# Supervised Fine-Tuning (SFT) Tutorial

This notebook demonstrates how to perform Supervised Fine-Tuning on language models to improve their instruction-following capabilities.

## What is SFT?

Supervised Fine-Tuning (SFT) is a post-training technique where we fine-tune a pre-trained language model on a curated dataset of high-quality examples. This helps the model learn to follow instructions better and produce more helpful, relevant responses.

## Key Components:
1. **Base Model**: A pre-trained language model
2. **Training Dataset**: High-quality instruction-response pairs
3. **Training Process**: Supervised learning with next-token prediction
4. **Evaluation**: Comparison of before/after model performance

---
*Based on Lesson 3 from DeepLearning.AI's "Post-training LLMs" course*

## Setup and Imports

In [None]:
# Warning control
import warnings
warnings.filterwarnings('ignore')

import sys
import os

# Add the src directory to the path so we can import our modules
sys.path.append(os.path.join(os.getcwd(), '..', 'src'))

from utils.model_utils import load_model_and_tokenizer, test_model_with_questions, display_dataset
from training.sft_trainer import SFTTrainingPipeline
from datasets import load_dataset
import torch

## Configuration

In [None]:
# Configuration
USE_GPU = False  # Set to True if you have a GPU available
MAX_SAMPLES = 100  # Reduce for faster training on limited resources

# Model and dataset configuration
BASE_MODEL = "HuggingFaceTB/SmolLM2-135M"  # Small model for demonstration
SFT_DATASET = "banghua/DL-SFT-Dataset"  # Curated SFT dataset

# Test questions for evaluation
test_questions = [
    "Give me a 1-sentence introduction of LLM.",
    "Calculate 1+1-1",
    "What's the difference between thread and process?",
    "Explain machine learning in simple terms.",
    "What are the applications of neural networks?"
]

print(f"Configuration:")
print(f"- Base model: {BASE_MODEL}")
print(f"- Dataset: {SFT_DATASET}")
print(f"- Max samples: {MAX_SAMPLES}")
print(f"- Use GPU: {USE_GPU}")

## Step 1: Load and Test Base Model

First, let's load the base model and see how it performs on our test questions before any fine-tuning.

In [None]:
print("Loading base model...")
model, tokenizer = load_model_and_tokenizer(BASE_MODEL, USE_GPU)

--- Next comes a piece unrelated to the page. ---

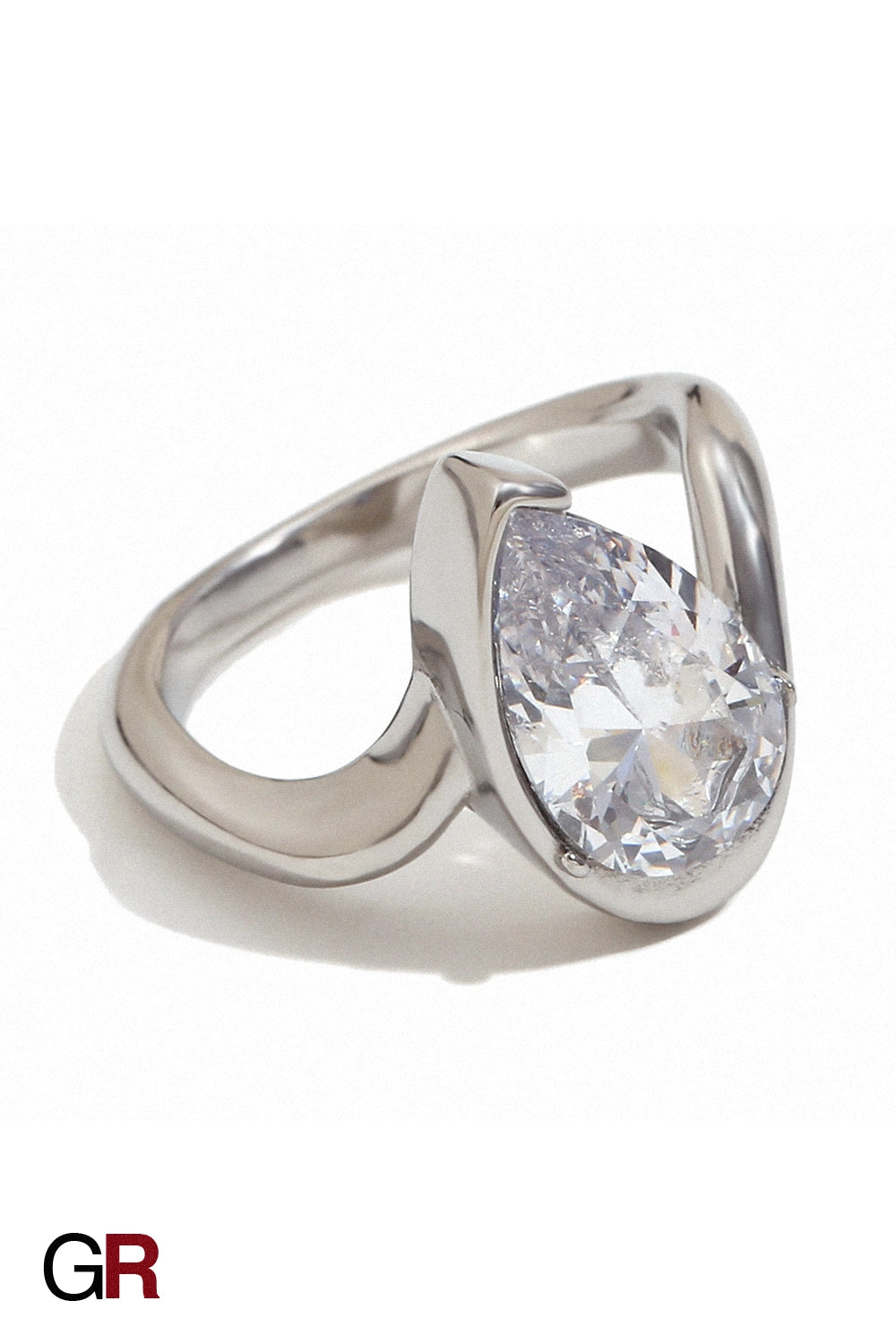 “GlamoROZ Aureole Doré Teardrop Open Band Ring Jewelry styled on model hand with elegant outfit”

print(f"\nModel loaded: {BASE_MODEL}")
print(f"Model device: {next(model.parameters()).device}")
print(f"Number of parameters: {sum(p.numel() for p in model.parameters()):,}")

In [None]:
# Test the base model
test_model_with_questions(
    model, tokenizer, test_questions,
    title="Base Model Performance (Before SFT)"
)

In [None]:
# Clean up base model to free memory
del model, tokenizer
if torch.cuda.is_available():
    torch.cuda.empty_cache()
print("Base model cleaned up from memory.")

## Step 2: Load and Explore Training Dataset

Now let's load the SFT training dataset and examine its structure.

In [None]:
# Load training dataset
print(f"Loading dataset: {SFT_DATASET}")
train_dataset = load_dataset(SFT_DATASET)["train"]

# Limit samples for demonstration
if MAX_SAMPLES and MAX_SAMPLES < len(train_dataset):
    train_dataset = train_dataset.select(range(MAX_SAMPLES))

print(f"Dataset size: {len(train_dataset)}")
print(f"Dataset columns: {train_dataset.column_names}")

In [None]:
# Display sample training examples
print("Sample training examples:")
display_dataset(train_dataset, num_examples=3)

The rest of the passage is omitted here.